Top of Provided material

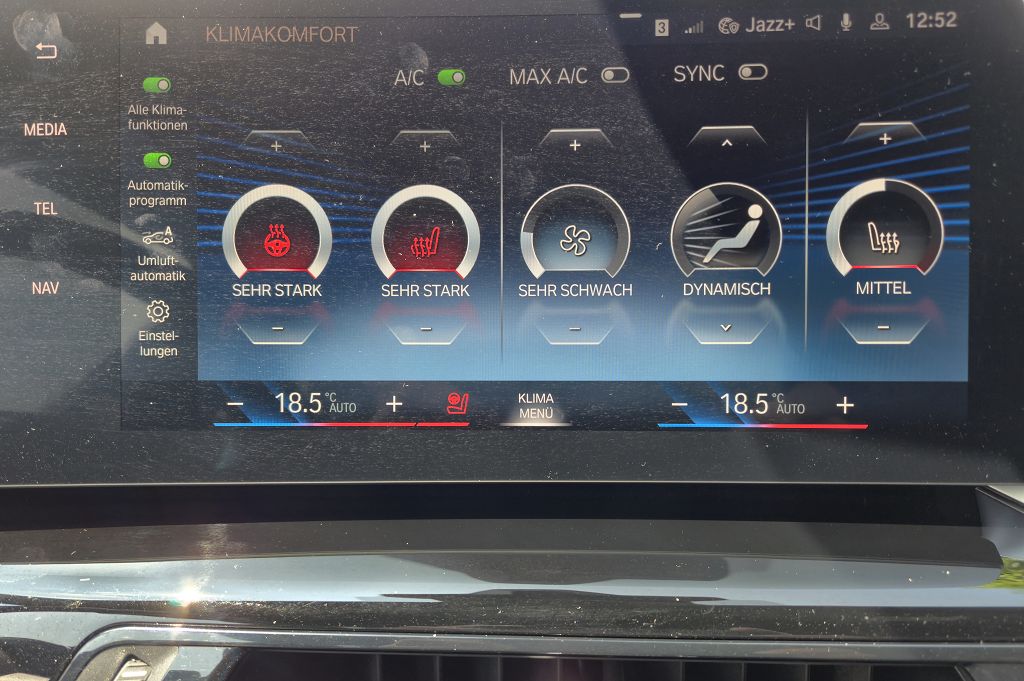 BMW 223i xDrive paddles-image-9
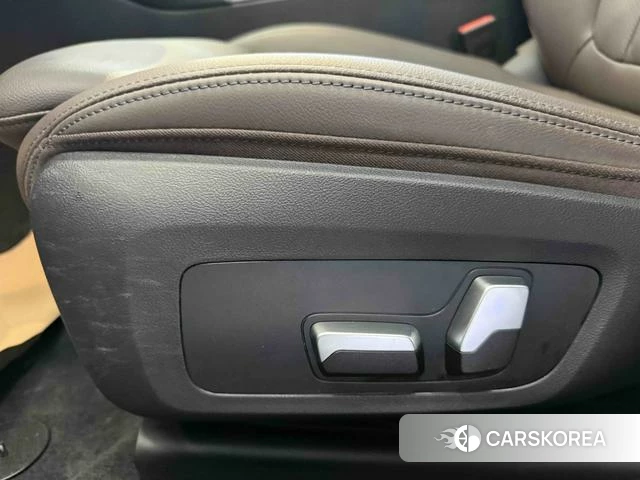 BMW 3 series id 4348448 из Китая 17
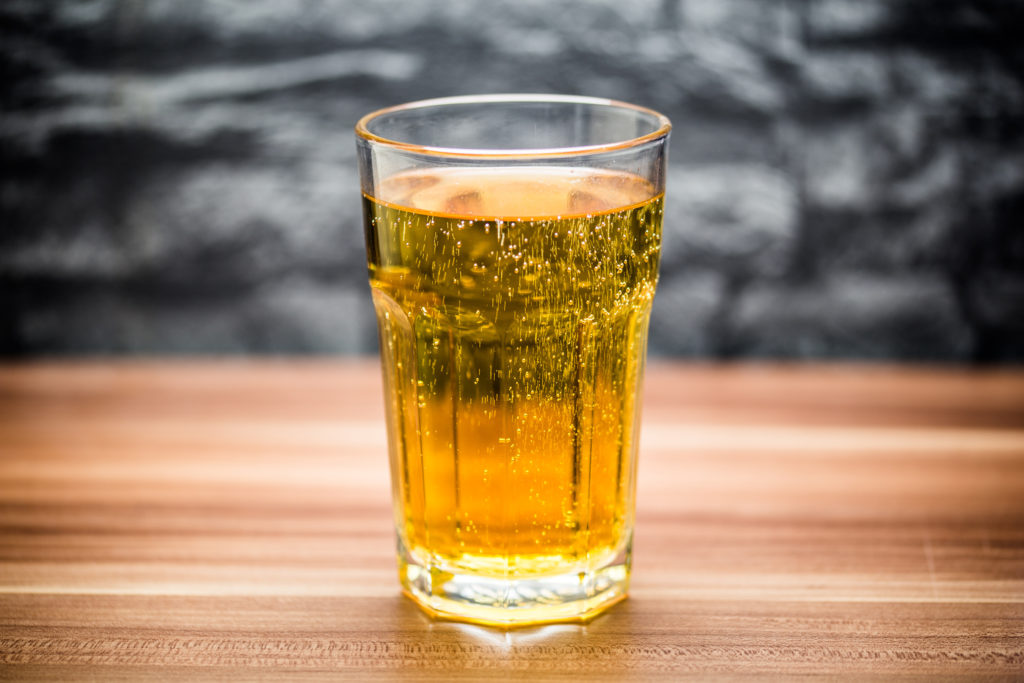 US-amerikanische Mediziner berichten über einen Patienten, dessen akute Hepatitis womöglich auf den exzessiven Konsum von Energy-Drinks zurückzuführen ist. (Bild: goldencow_images/fotolia.com)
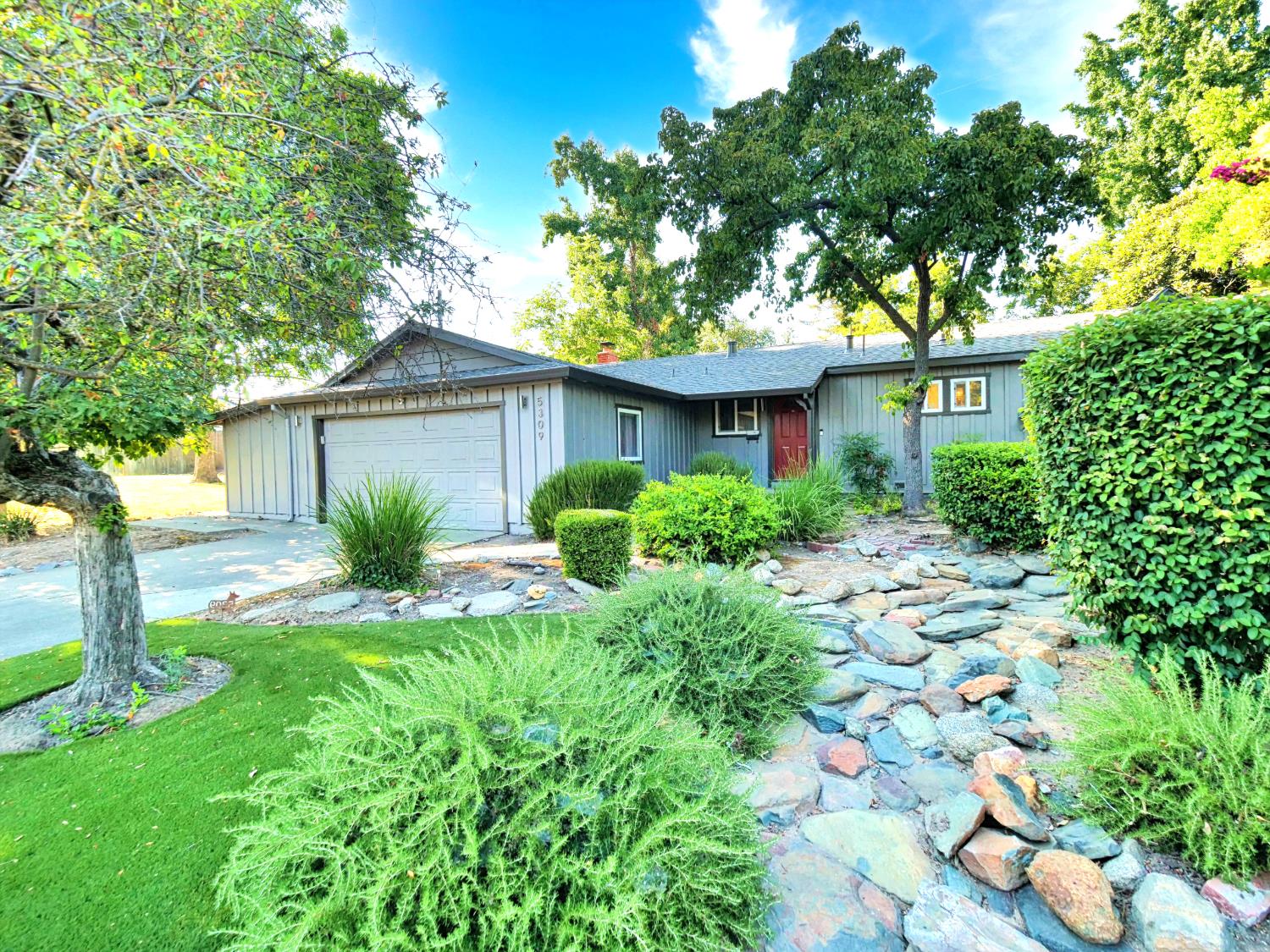 Detail Gallery Image 1 of 12 For 5309 Grant Ave, Carmichael,  CA 95608 - 3 Beds | 3 Baths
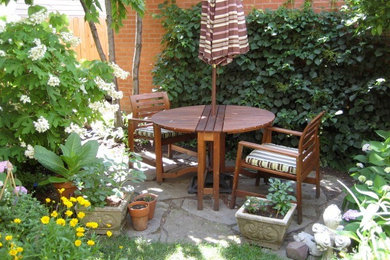 Foto de jardín de secano contemporáneo pequeño en verano en patio trasero con jardín de macetas, exposición parcial al sol y adoquines de piedra natural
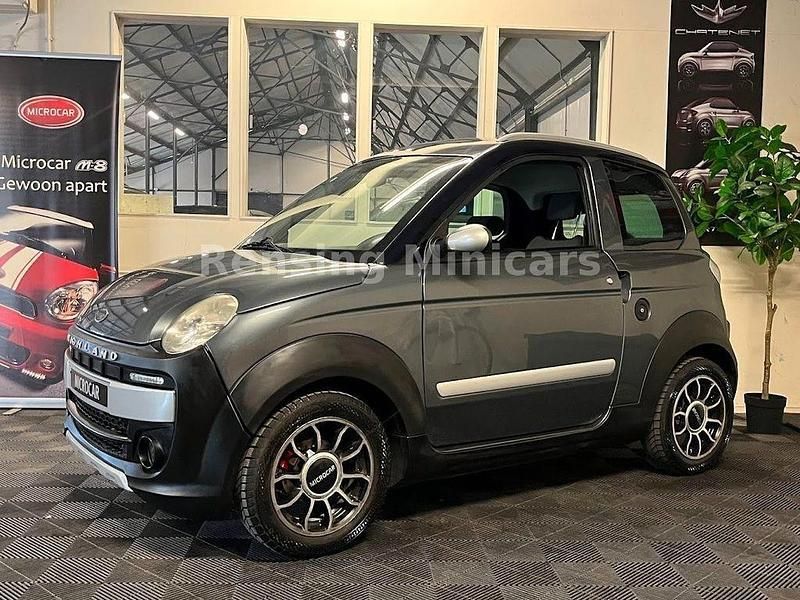 Blau Gebraucht 2015 Microcar M.Go Kleinwagen | 8.950 € (Fairer Preis) - Bild 1/4
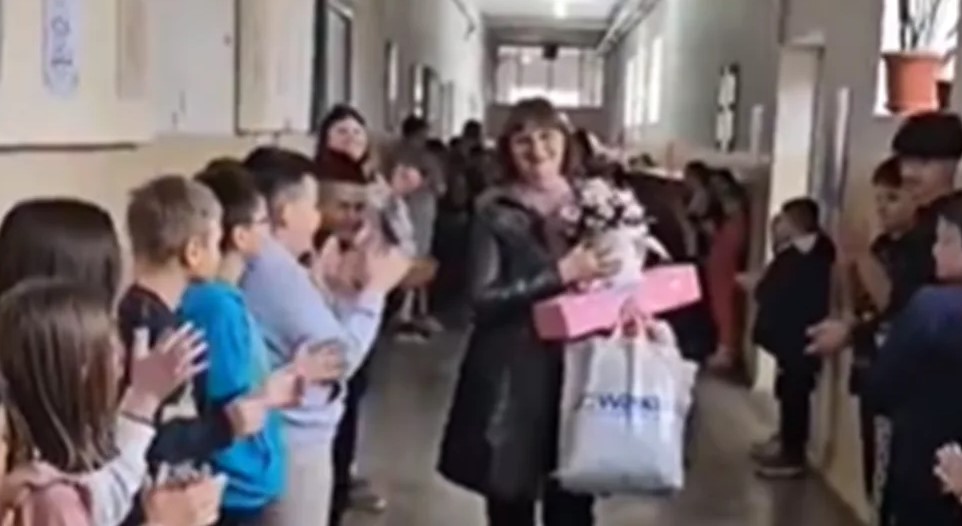 SVI JE ZVALI „MAJKA“: Djeca iz Bijeljine ispratila školsku kuvaricu u penziju (VIDEO)
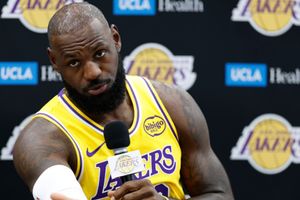 LeBron James to leave LA Lakers? NBA insider drops BOMBSHELL SportsTak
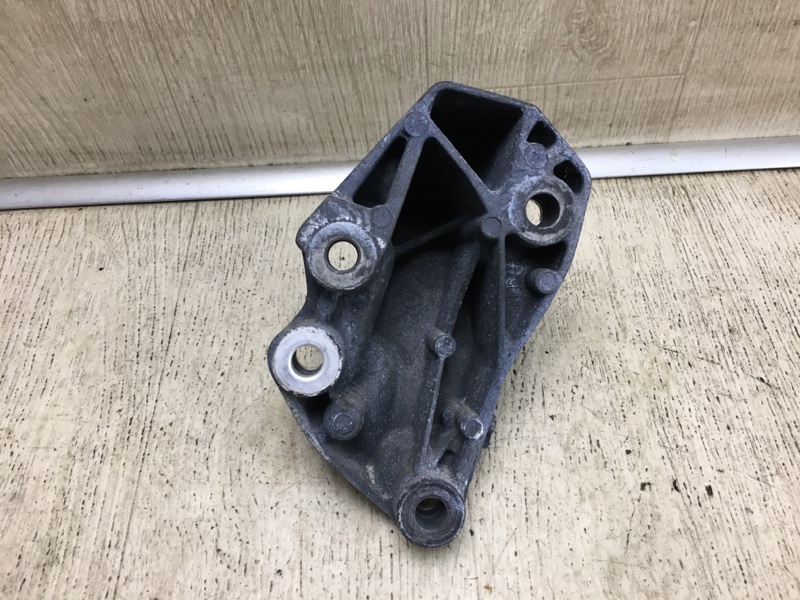 Кронштейн двигателя TLX 14-17 Внедорожник 3.5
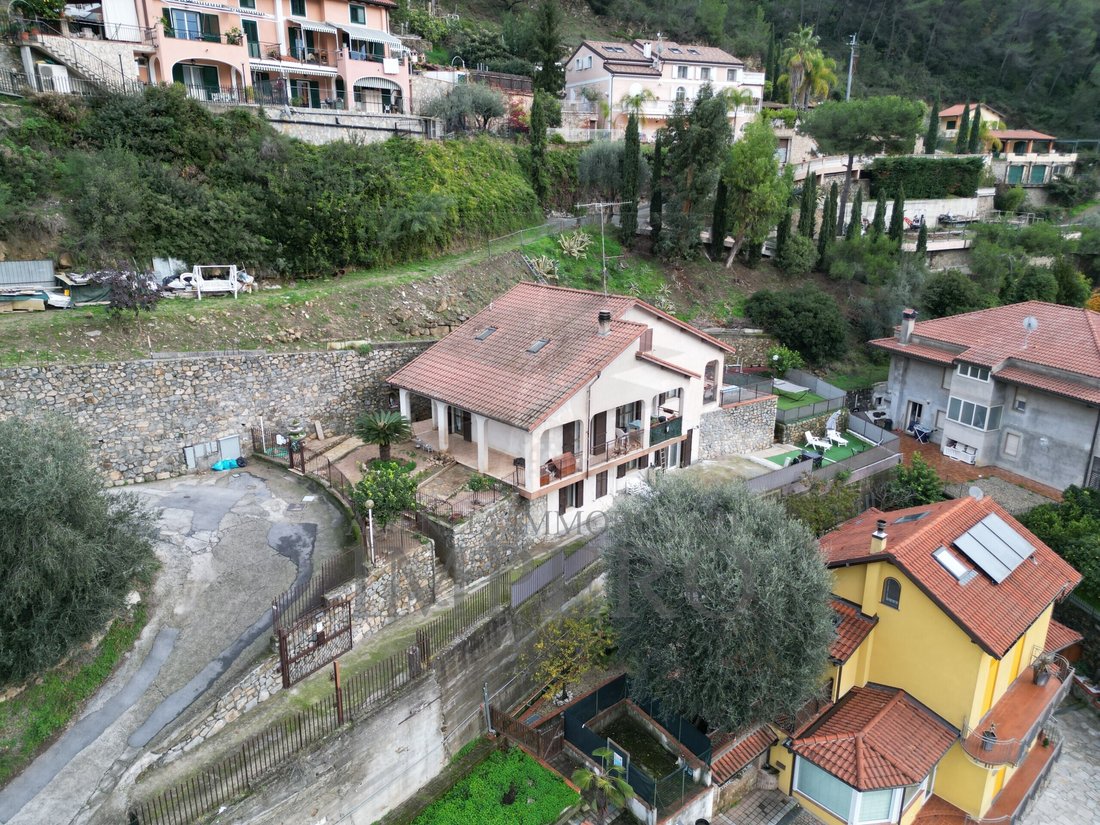 Villa in Porra, Liguria, Italy 2 - 17255631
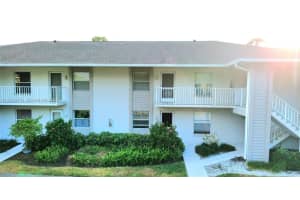 1448 Churchill Cir 103, Naples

Bottom of Provided material

_About this exercise_:
If a line falls between the one containing "Кронштейн двигателя TLX" and the last line of the records above, inclusive, restate it exactly; leave out the pictures and everything else.

_Exercise result_:
 Кронштейн двигателя TLX 14-17 Внедорожник 3.5
 Villa in Porra, Liguria, Italy 2 - 17255631
 1448 Churchill Cir 103, Naples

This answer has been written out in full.